What the task asks — Write the entries again exactly, with no line missing.

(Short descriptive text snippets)
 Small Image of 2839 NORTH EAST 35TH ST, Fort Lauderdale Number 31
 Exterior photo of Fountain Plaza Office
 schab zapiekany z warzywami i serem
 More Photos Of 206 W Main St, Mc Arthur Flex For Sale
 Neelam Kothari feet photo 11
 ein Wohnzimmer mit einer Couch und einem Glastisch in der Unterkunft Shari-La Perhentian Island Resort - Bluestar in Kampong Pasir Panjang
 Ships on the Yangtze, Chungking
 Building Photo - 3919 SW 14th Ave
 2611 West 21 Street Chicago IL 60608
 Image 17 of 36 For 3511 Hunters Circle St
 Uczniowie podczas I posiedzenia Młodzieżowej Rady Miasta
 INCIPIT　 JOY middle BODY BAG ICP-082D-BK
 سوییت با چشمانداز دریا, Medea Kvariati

Expected output —
 Small Image of 2839 NORTH EAST 35TH ST, Fort Lauderdale Number 31
 Exterior photo of Fountain Plaza Office
 schab zapiekany z warzywami i serem
 More Photos Of 206 W Main St, Mc Arthur Flex For Sale
 Neelam Kothari feet photo 11
 ein Wohnzimmer mit einer Couch und einem Glastisch in der Unterkunft Shari-La Perhentian Island Resort - Bluestar in Kampong Pasir Panjang
 Ships on the Yangtze, Chungking
 Building Photo - 3919 SW 14th Ave
 2611 West 21 Street Chicago IL 60608
 Image 17 of 36 For 3511 Hunters Circle St
 Uczniowie podczas I posiedzenia Młodzieżowej Rady Miasta
 INCIPIT　 JOY middle BODY BAG ICP-082D-BK
 سوییت با چشمانداز دریا, Medea Kvariati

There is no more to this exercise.